B)- La sécurité comme nouveau paradigme des libertés .


plusieurs raisons :


  • la sécurité est désormais perçue comme un fondement des libertés en particulier lors des EU où certains estiment que ces circonstances renforcent les libertés . ainsi , il ne faut pas opposer la liberté et sécurité car la sécurité ( physique et sociale ) est nécessaire pour exercer des libertés . tandis que les libertés garanties sont également essentielle pour assurer la sécurité .
  • une multiplication des législations sécuritaires souvent adoptées en réponse à des contexte émotionnels fortes et avec des procédures d'urgence.


ex : Loi 24 juillet 2015 relative au renseignement, qui vise à encadrer certaines pratiques des renseignements.

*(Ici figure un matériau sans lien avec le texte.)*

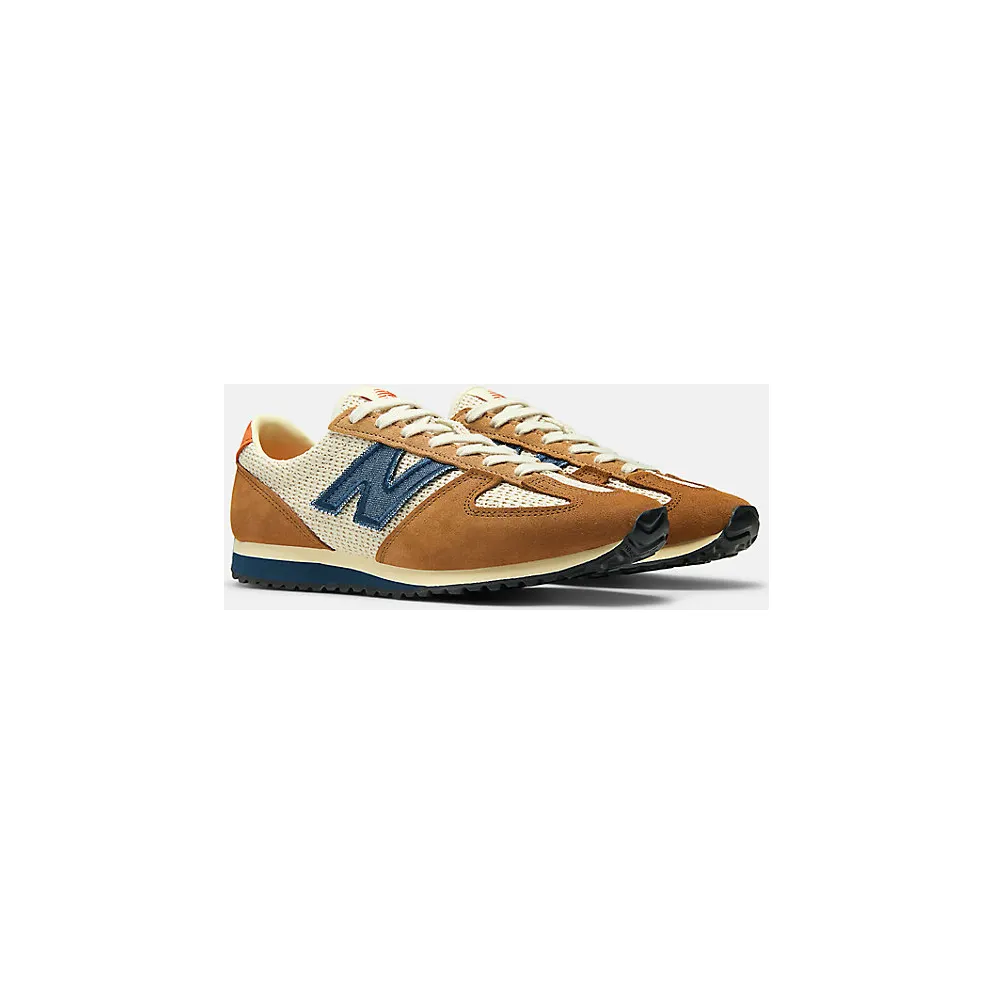 New Balance 471 Sézane (U471SE)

Notamment la pratique des boites noires.


ex : Loi du 22 mars 2016, permet aux agents de la SNCF et RATP, de procéder à des fouilles, palpations.


ex:  Loi 3 juin 2016, loi qui vise à renforcer les moyens des services de renseignement, en autorisant les perquisitions de nuit.


ex :  Loi 28 février 2017 relative à la sécurité publique, crée un nouveau délit, celui de la consultation habituelle des sites djihadistes.


ex : Loi 30 octobre 2017, renforçant la sécurité intérieure et lutte contre le terrorisme (SILT), elle prend le relais de l’état d’urgence sécuritaire qui a pris fin le jour de la promulgation ( Elle reprend le dispositif des perquisitions administratives+> Reprise aussi de la fermeture administrative des lieux de culte, qui peut être prononcée au seul fin de lutte contre le terrorisme ) .


ex :  Loi août 2021 confortant le respect des principes de la République (dite loi séparatisme), elle fait suite à l’assassinat de Samuel Paty. Loi qui va viser à garantir les principes de la République : liberté, égalité, fraternité, et principe de laïcité ( elle va incorporer dans le droit commun des outils de contrôles préventifs :  Par exemple, quand une association est agréée par l’Etat, cet agrément est soumis à une nouvelle condition qui est la signature d’un contrat d’engagement républicain, par lequel les associations s’engagent à respecter les principes de la République +  création de deux nouveaux délits : -> le délit de séparatisme : consiste à sanctionner une personne qui aurait proféré des menaces, ou intimidations, à l’encontre d’un agent public dans le but de se soustraire aux règles / infraction qui vise à lutter contre la haine sur les réseaux sociaux  ) .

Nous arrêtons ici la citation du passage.